--- Records to process Enclosed Below ---

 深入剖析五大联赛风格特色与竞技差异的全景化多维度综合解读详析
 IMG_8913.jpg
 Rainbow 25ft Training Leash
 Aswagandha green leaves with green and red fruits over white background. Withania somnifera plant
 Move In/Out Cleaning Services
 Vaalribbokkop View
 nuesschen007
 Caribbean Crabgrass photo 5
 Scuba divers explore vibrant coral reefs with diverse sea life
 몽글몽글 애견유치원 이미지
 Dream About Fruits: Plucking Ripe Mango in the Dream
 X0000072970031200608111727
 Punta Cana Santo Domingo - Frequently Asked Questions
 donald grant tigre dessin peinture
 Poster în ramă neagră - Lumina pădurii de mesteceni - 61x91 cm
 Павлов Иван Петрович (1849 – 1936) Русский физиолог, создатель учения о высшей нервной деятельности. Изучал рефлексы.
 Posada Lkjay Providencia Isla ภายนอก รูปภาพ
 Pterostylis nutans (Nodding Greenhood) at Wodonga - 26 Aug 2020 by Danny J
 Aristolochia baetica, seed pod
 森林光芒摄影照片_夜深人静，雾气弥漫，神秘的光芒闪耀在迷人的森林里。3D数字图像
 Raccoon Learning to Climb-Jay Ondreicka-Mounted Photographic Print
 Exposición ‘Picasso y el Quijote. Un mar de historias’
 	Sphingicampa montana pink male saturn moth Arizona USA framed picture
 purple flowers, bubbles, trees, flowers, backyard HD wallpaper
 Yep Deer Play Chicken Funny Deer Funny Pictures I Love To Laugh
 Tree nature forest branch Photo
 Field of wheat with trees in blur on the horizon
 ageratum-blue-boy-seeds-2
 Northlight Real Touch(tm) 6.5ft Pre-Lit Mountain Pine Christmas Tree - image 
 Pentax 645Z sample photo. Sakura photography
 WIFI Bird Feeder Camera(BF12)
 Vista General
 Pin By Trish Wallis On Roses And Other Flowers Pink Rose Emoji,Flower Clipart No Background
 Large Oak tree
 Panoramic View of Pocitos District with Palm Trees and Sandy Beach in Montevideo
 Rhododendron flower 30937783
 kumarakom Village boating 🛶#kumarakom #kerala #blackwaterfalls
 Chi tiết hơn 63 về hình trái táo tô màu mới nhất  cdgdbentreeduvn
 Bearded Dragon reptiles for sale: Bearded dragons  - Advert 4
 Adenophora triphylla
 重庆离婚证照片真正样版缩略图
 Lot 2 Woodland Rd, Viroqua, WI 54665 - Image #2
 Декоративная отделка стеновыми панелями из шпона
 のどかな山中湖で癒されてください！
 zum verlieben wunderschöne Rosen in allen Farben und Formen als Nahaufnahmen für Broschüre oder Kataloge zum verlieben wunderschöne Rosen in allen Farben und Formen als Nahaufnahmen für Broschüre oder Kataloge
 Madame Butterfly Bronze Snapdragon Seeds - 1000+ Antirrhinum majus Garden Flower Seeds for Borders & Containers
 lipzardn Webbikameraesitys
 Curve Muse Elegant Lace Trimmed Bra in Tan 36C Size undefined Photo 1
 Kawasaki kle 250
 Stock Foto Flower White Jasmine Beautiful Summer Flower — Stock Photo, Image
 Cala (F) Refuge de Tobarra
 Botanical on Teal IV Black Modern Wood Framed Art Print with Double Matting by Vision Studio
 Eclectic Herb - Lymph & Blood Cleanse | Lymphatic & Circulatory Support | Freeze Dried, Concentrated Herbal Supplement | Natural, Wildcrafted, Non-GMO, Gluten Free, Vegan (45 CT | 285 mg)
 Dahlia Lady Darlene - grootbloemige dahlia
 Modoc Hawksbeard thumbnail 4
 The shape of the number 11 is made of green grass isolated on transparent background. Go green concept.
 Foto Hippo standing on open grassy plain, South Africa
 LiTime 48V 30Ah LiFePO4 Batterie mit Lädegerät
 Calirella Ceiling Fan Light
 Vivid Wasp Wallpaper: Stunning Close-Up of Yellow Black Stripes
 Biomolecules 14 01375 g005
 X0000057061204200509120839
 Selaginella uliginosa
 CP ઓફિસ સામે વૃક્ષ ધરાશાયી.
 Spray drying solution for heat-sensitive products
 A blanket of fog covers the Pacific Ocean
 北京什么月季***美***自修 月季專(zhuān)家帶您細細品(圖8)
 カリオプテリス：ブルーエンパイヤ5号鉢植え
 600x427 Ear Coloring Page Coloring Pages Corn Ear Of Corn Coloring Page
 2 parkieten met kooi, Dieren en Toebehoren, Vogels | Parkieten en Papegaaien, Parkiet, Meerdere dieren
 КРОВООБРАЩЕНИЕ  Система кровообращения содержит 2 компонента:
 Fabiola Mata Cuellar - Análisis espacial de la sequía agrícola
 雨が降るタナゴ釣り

--- End of Enclosed Records to process ---

■ **Problem requirements**: From the very first line of the data through the line with "Punta Cana Santo" in it, please reproduce each line exactly and output nothing more.

■ **Result of the task**:
 深入剖析五大联赛风格特色与竞技差异的全景化多维度综合解读详析
 IMG_8913.jpg
 Rainbow 25ft Training Leash
 Aswagandha green leaves with green and red fruits over white background. Withania somnifera plant
 Move In/Out Cleaning Services
 Vaalribbokkop View
 nuesschen007
 Caribbean Crabgrass photo 5
 Scuba divers explore vibrant coral reefs with diverse sea life
 몽글몽글 애견유치원 이미지
 Dream About Fruits: Plucking Ripe Mango in the Dream
 X0000072970031200608111727
 Punta Cana Santo Domingo - Frequently Asked Questions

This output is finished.